Taking a minute to react to the news from South Carolina

I like the advice that we should choose a few things to focus on instead of trying to take in everything…it makes a lot of sense, but I can’t say I am following it. The best I can do is say, okay, what is one thing I can focus on right this minute? 

I also keep reminding myself that I don’t have to know everything or do everything, I don’t have to be on top of everything, I don’t have to be perfect, I can be broken, I can be aging, I can fail to correct typos (or actual errors!), I can overreact, I can under-react, I can be distracted, I can be overwhelmed, I can pull back, I can leap forward, and no matter what, this stays true: I can speak up for what is right. And I never, ever have to quit caring about life on this planet, human, plant, or animal. I can be angry at everyone and still want everyone to be okay.

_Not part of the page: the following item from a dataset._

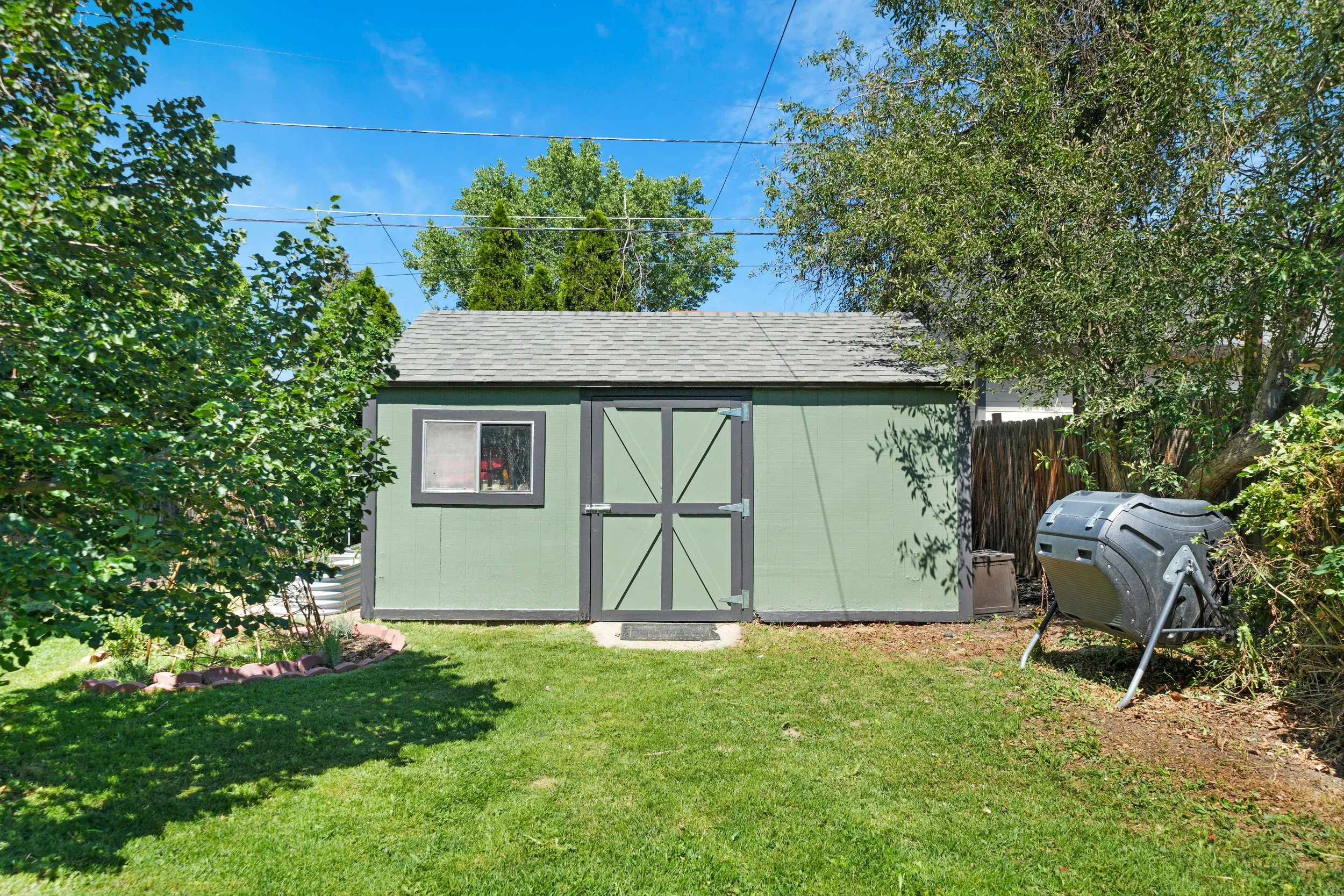 3555 Estes St(MLS)-9.jpg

All this to say, in the middle of EVERYTHING being at risk ALL AT ONCE, I want to take a moment to react to the news that South Carolina will execute a death row inmate by firing squad, the first time in fifteen years.

Here’s a screenshot from the linked APnews report:

I generally prefer to scrutinize everything about death row through fingers covering my eyes–though I want credit for reading Bryan Stevenson’s Just Mercy more than once, and not only do I recommend reading it and supporting his amazing work, I still find this line so powerful, the kind of idea that breaks through all the noise: “Each of us is more than the worst thing we’ve ever done.”

So I will step gingerly around the mind-numbing darkness that a firing squad is apparently a more humane way to die than all the other options. And I don’t want to go into a full debate over the death penalty.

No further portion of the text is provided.